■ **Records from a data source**
*** Begin section ***

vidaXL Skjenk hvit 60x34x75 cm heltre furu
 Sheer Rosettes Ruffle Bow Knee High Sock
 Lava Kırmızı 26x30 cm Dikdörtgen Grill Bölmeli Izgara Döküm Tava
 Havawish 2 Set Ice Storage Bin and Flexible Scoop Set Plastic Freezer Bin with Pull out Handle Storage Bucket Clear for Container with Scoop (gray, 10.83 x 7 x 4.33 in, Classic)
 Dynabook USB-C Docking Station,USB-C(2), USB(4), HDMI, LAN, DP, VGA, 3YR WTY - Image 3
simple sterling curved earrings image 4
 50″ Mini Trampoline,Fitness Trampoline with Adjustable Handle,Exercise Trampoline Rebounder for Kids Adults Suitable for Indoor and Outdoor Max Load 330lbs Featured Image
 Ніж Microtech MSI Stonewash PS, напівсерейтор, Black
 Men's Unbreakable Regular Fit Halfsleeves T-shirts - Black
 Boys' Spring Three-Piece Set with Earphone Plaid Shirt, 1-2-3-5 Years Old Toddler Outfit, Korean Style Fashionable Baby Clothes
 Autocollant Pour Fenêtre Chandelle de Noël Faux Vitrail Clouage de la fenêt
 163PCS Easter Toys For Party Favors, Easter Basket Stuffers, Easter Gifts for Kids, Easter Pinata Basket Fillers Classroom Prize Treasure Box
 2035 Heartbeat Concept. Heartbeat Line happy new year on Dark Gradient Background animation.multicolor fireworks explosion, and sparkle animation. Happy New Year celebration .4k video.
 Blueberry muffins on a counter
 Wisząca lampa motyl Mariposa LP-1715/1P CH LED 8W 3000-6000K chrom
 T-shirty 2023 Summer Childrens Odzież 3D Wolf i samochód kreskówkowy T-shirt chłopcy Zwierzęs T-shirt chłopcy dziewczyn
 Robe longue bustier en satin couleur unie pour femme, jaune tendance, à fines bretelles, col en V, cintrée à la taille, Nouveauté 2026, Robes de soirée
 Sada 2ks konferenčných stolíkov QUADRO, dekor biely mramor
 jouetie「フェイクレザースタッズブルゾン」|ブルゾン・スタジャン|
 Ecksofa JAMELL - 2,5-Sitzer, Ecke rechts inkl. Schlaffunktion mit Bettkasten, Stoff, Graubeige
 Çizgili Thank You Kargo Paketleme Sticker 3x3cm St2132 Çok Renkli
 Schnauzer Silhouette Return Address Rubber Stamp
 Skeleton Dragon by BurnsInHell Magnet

*** End section ***

■ **Exercise**
Would you retype exactly the lines above, from the line with "Robe longue bustier" to the line with "Ecksofa JAMELL - 2,5-Sitzer, Ecke", with both end lines kept and nothing more?

■ **Result for this task**
 Robe longue bustier en satin couleur unie pour femme, jaune tendance, à fines bretelles, col en V, cintrée à la taille, Nouveauté 2026, Robes de soirée
 Sada 2ks konferenčných stolíkov QUADRO, dekor biely mramor
 jouetie「フェイクレザースタッズブルゾン」|ブルゾン・スタジャン|
 Ecksofa JAMELL - 2,5-Sitzer, Ecke rechts inkl. Schlaffunktion mit Bettkasten, Stoff, Graubeige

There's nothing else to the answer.